The impact of code review coverage and code review participation on software quality

Published: 22 Jul 2018
Written by: Chun Fei Lung

You know about code coverage for tests, but code review coverage is just as important.

I’m GLaD I got burned, think of all the things we learned from this review

Code reviews are often used as a way to make sure that bad code doesn’t make it into public releases. Not all code reviews are equal for that purpose however, as this study by McIntosh, Kamei, Adams, and Hassan shows.

The following summary is loosely based on the second half of Code reviewing reviewed: recommendations for improving the efficiency and effectiveness of modern code reviews, an essay that I originally wrote for the Open University of the Netherlands.

About the article

Title	The impact of code review coverage and code review participation on software quality: A case study of the Qt, VTK, and ITK projects
Year	2014
Author(s)	Shane McIntosh (Queen’s University) Yasutaka Kamei (Kyushu University) Bram Adams (Polytechnique Montréal) Ahmed E. Hassan (Queen’s University)
Venue	Proceedings of the 11th Working Conference on Mining Software Repositories

Why it matters

It is generally believed that conducting code reviews can help catch bugs before they make it to users. Plenty of evidence exists that formal code inspections (side note: Formal code inspection used to be a popular code reviewing method, and involved in-person meetings between the author and the reviewer(s). Checklists were often employed to guarantee a base level of review quality.) can be very effective. Less is known about the effectiveness of modern code reviews however, where reviewers can – but do not necessarily have to – comment on the author’s code. It’s likely though that bugs are overlooked if not all code is properly reviewed or discussed.

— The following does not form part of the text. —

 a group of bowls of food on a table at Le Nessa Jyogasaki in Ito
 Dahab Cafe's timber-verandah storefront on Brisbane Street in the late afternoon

How the study was conducted

There are a few important concepts in this study:

Code: here, this specifically refers to new code that is introduced in a newly released version;
Code review coverage: the proportion of code that is associated with a code review;
Code review participation: it’s possible that code for which a review has been requested was approved only by the author, hastily reviewed, or approved by reviewers without any discussion whatsoever. Participation is the proportion of code for which the reviews did not have these characteristics.
Post-release defects: the number of bugs that pop up after a newly released version.

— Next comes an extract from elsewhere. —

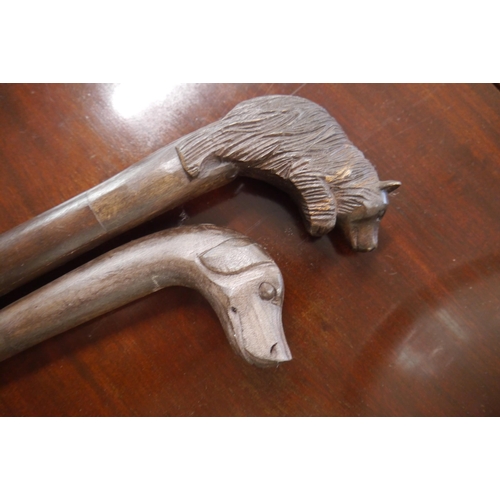 2204 - Two carved wooden walking canes, one dog and one Black Forest style bear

In order to determine the effect of the code review coverage and code review participation on the number of post-release defects, the authors combine data from the version control system and code review tools from three open source projects: Qt, VTK, and ITK.

The version control system shows which commits were included in each release, while the code review tool stores links between commits and reviews. This makes it possible to determine how well the code for a release was reviewed.

The number of post-release defects can be deduced from the number of bug fix commits (commits with a message containing words like “bug” or “fix”) that are made after the release (side note: This approach possibly results in some false positives (e.g. fixes for bugs that were introduced in earlier versions), but it’s probably still a decent approximation).

Reviews aren’t the only factor that is known to influence the number of bugs. That’s why a number of commonly used software quality metrics (e.g. component size in lines of code (LOC) and cyclomatic complexity) are included as control metrics.

The review, bug, and control metrics are used to construct a model that predicts the number of expected post-release defects based on how thoroughly the code was reviewed.

What discoveries were made

The results are pretty much exactly what you’d expect: having high degrees of code review coverage and participation helps lower the number of post-release defects.

For code review coverage, the authors found that with a coverage below 29% at least one bug is to be expected, although for one of the projects even a coverage below 60% already results into least one bug. Of course, full coverage does not guarantee defect-free software: there are other factors (not within the scope of the study) that also affect the number of bugs after a new release.

The findings were much more conclusive for code review participation: components that have a high level of participation tend to have a lower number of bugs after a release. The opposite is also true: components with a low level of participation tend to have higher number of bugs.